Stored data entries

══════

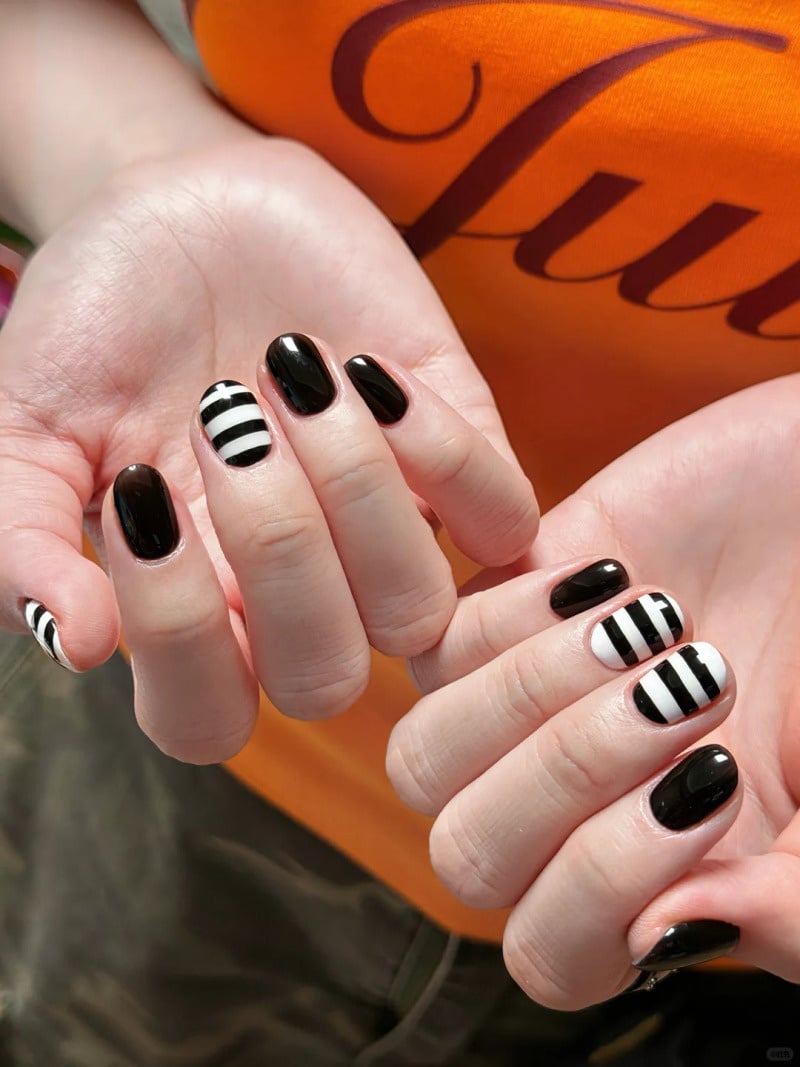 những mẫu nail kẻ sọc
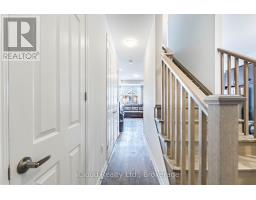 25 Keppel Circle, Brampton, ON L7A0B6 Photo 13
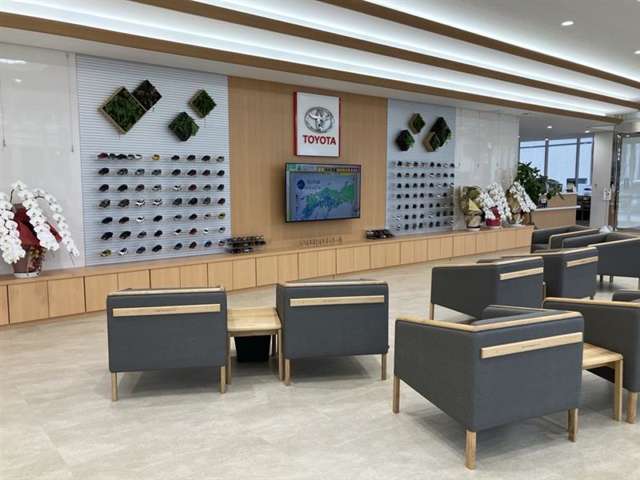 トヨタカローラネッツ岐阜(株) カローラ高山店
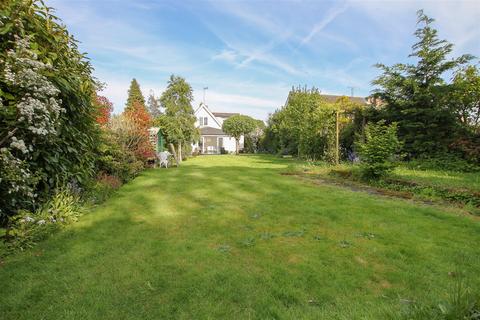 4 bedroom detached bungalow for sale, Spring Pond Meadow, Hook End, Brentwood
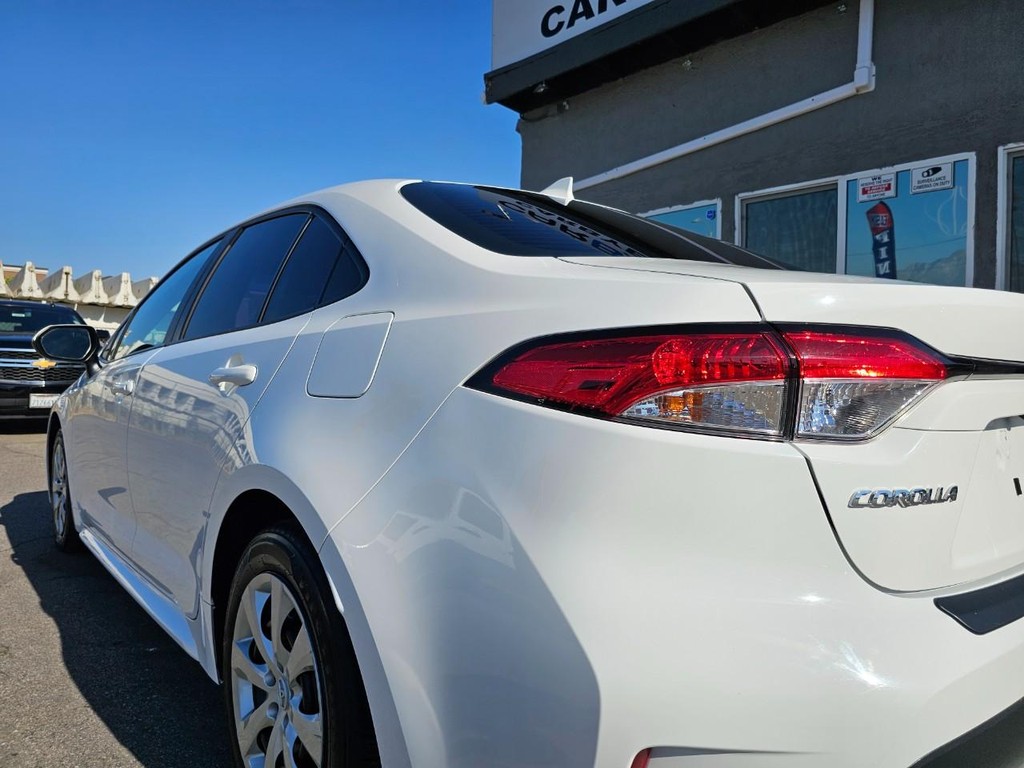 Toyota Corolla Vehicle Full-screen Gallery Image 12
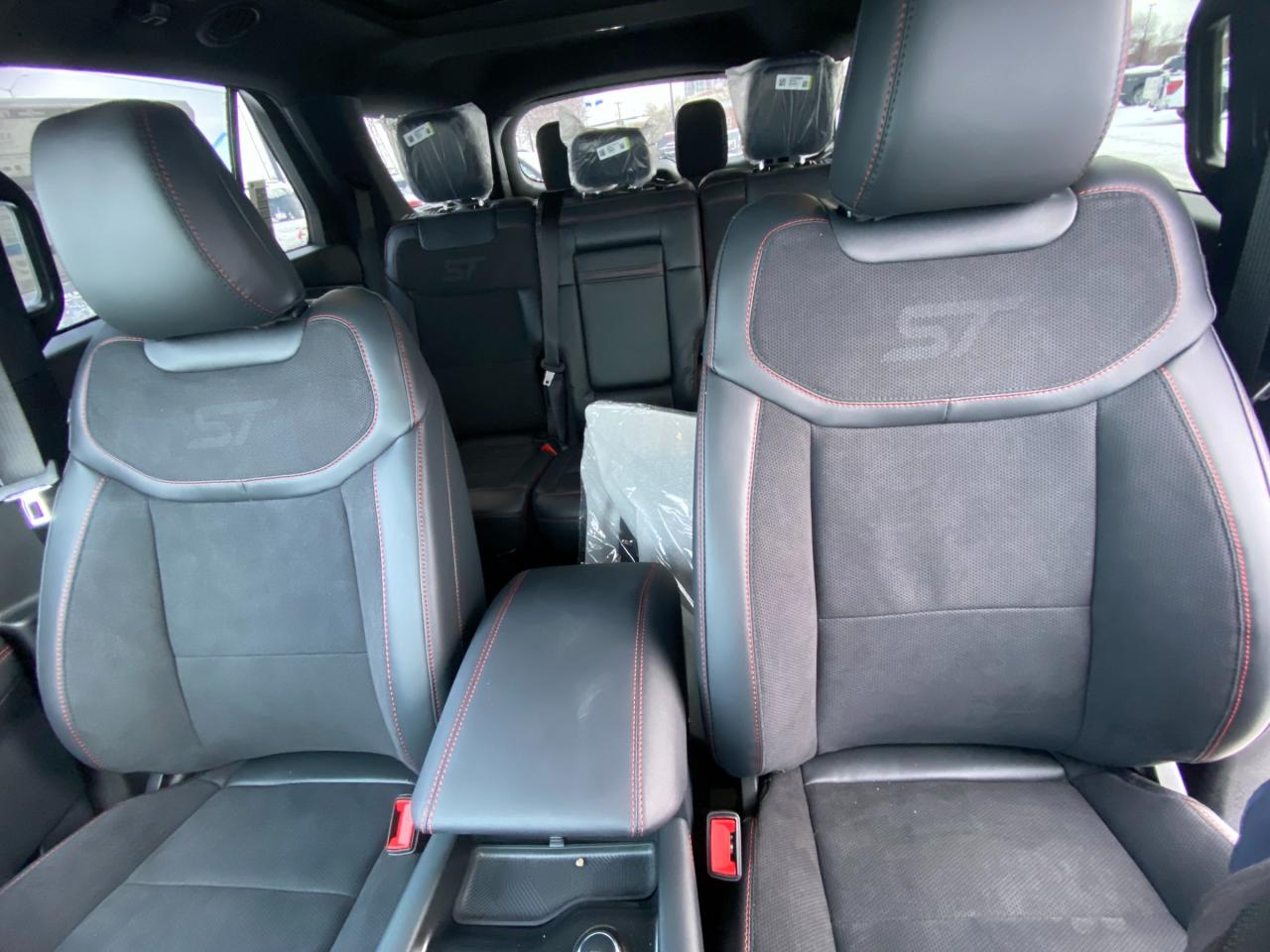 2026 Ford Explorer ST 4dr 4x4 Photo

══════

REQUIREMENT
A faithful copy of the data is required: each word kept, each picture omitted.

FINISHED EXERCISE
 những mẫu nail kẻ sọc
 25 Keppel Circle, Brampton, ON L7A0B6 Photo 13
 トヨタカローラネッツ岐阜(株) カローラ高山店
 4 bedroom detached bungalow for sale, Spring Pond Meadow, Hook End, Brentwood
 Toyota Corolla Vehicle Full-screen Gallery Image 12
 2026 Ford Explorer ST 4dr 4x4 Photo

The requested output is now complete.